Carving of the Queen Mother of the West
Item No. 16035
18th Century, Taoist / Popular Religions, China
Lacquer over Wood
13" x 4.75" x 3.5"
( 33.02 x 12.065 x 8.89 cm)
(H x W x D)
This image represents the Taoist goddess Xiwangmu, The Queen Mother of the West, the most significant female deity in the Taoist pantheon, recognized by a single phoenix in her headdress. The phoenix has been a key feature of Xiwangmu since the Yuan dynasty (1260-1368) and is an emblem of beauty, symbolizing the sun. Xiwangmu was a patron deity of women, a divine teacher who could control the length of people’s lives and was closely associated with the cultivation of virtue and immortality. She is worshiped today in China, Taiwan, and Hong Kong and many overseas Chinese communities.

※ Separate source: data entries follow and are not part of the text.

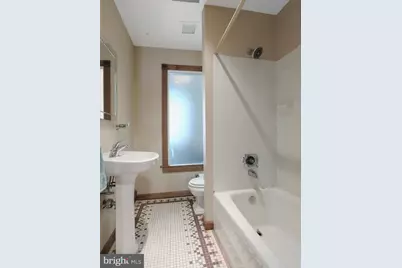 518 Elm Street, Frederick, MD 21701 - Photo 34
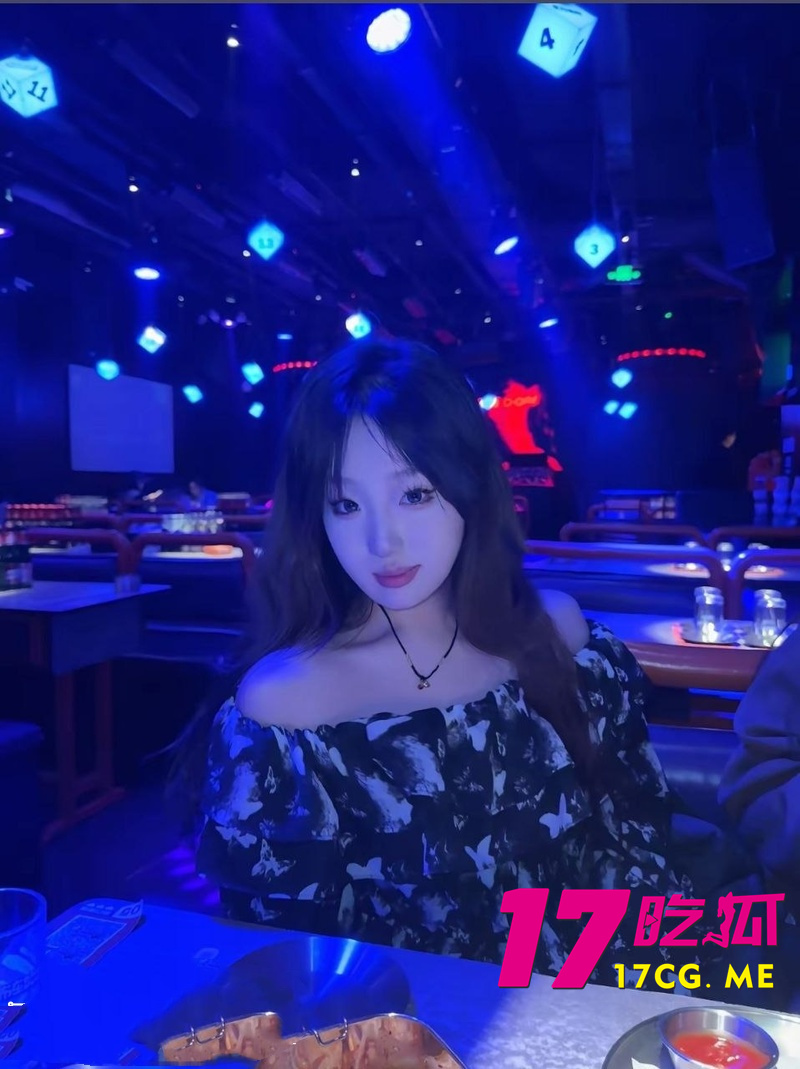 DM_20260511201445_001_副本.jpg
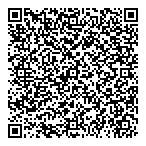 Hoodz Power Washing QR Card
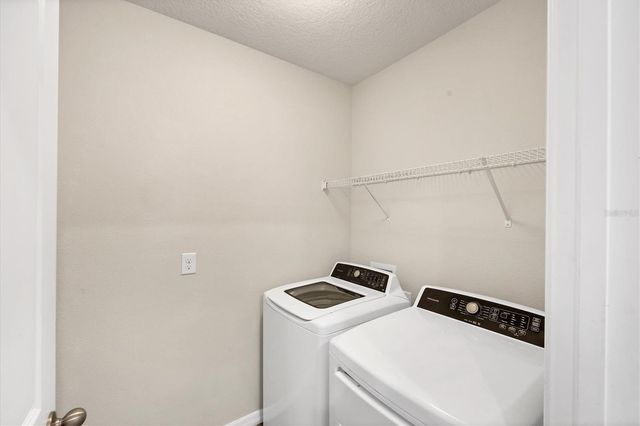 153 TIERRA VERDE WAY, Bradenton, FL 34212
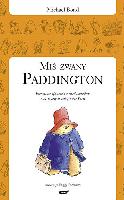 Bond, Michael Miś zwany Paddington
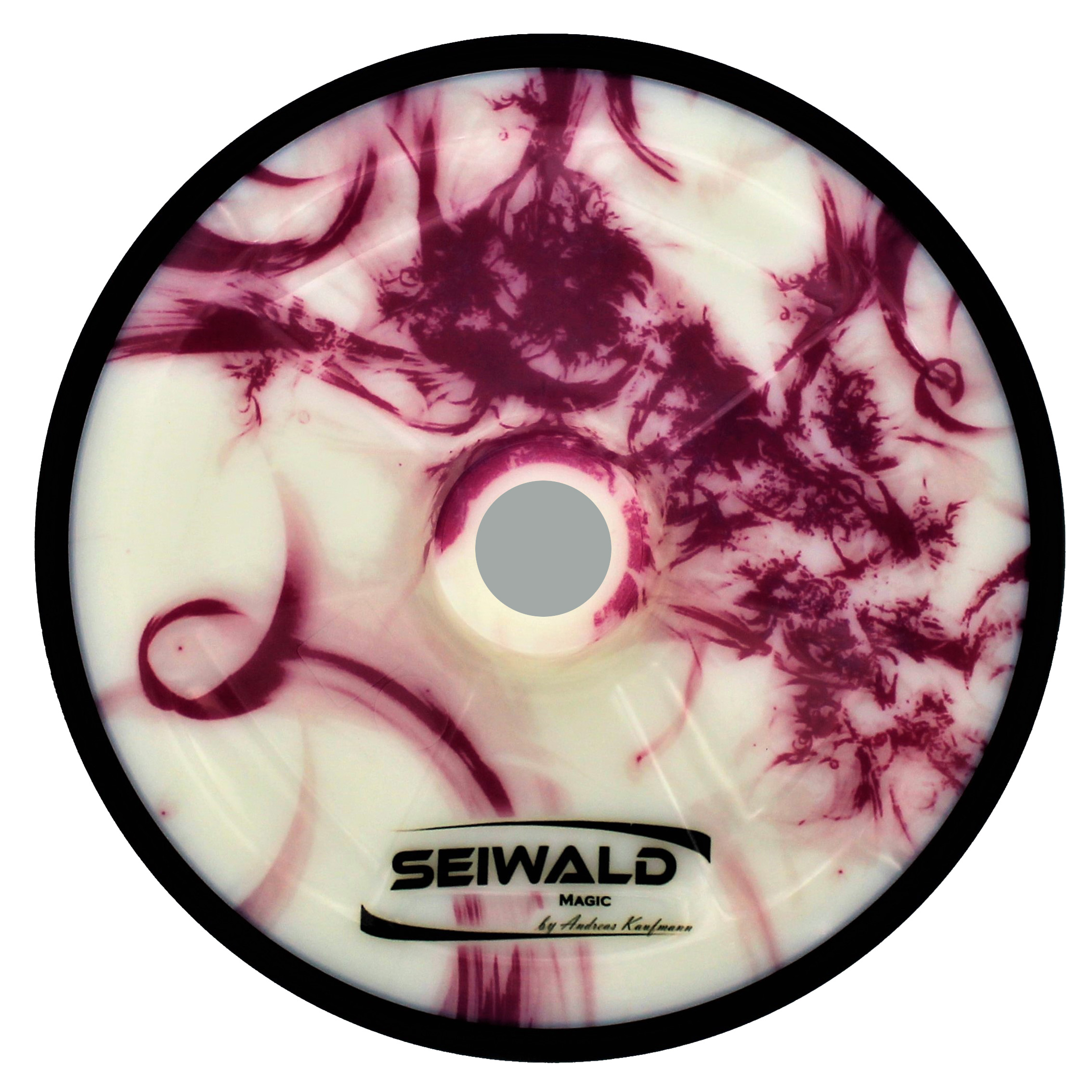 Seiwald Magic Violett hell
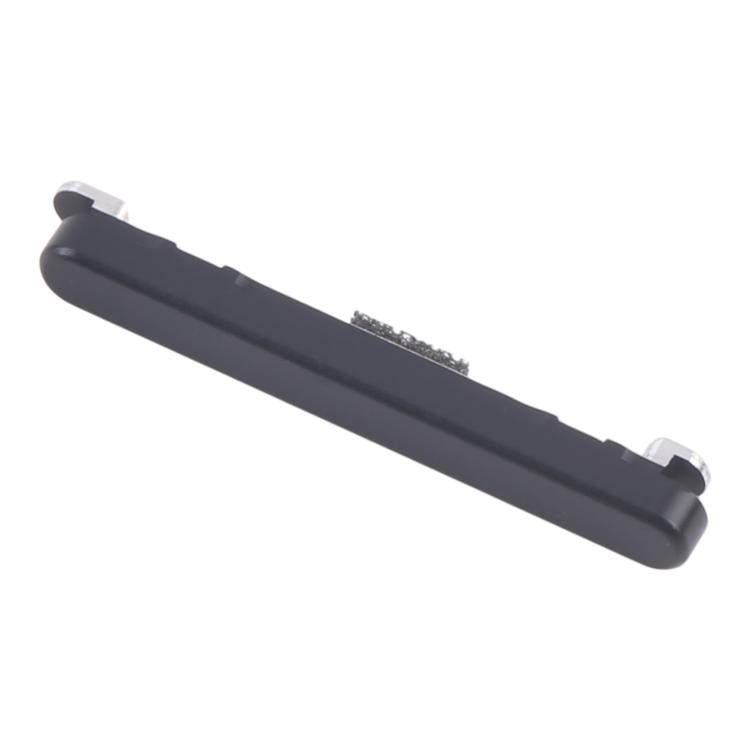 Honor 500 Pro Volume Control Button Replacement (10pcs, Original, Black) - Compatible & Checked Quality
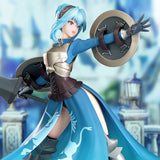 LIMEPIE Series Unicorn Overlord Virginia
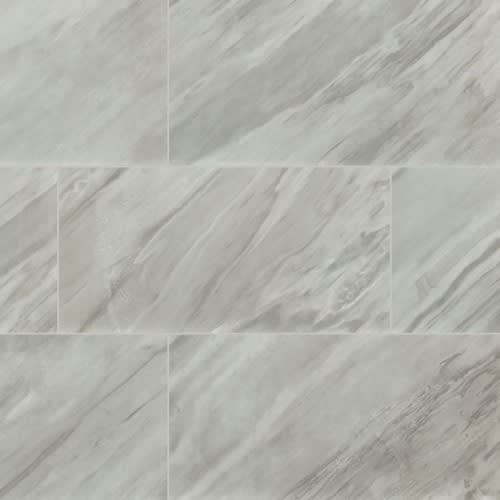Eden In Bardiglio 12X24 Polished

This seated image sits on a backless throne dressed in a graceful robe. Her left hand is covered by her flowing sleeve which is held by the thumb and pointer finger of her right hand, a traditional pose for the Queen Mother of the West. Her facial features with rounded carved eyebrows, rimmed eyes, rounded cheeks and pursed lips create an aura of solemnity and authority. Her headpiece with a flat sash framing her face is topped by a phoenix. Some traces of the original lacquer remain.
The back of the statue contains a cavity with the covering “bung” in place. This bung was placed there to conceal scriptures, messages to ancestors and other objects during an eye opening ceremony performed by a Taoist priest when the statue was first carved.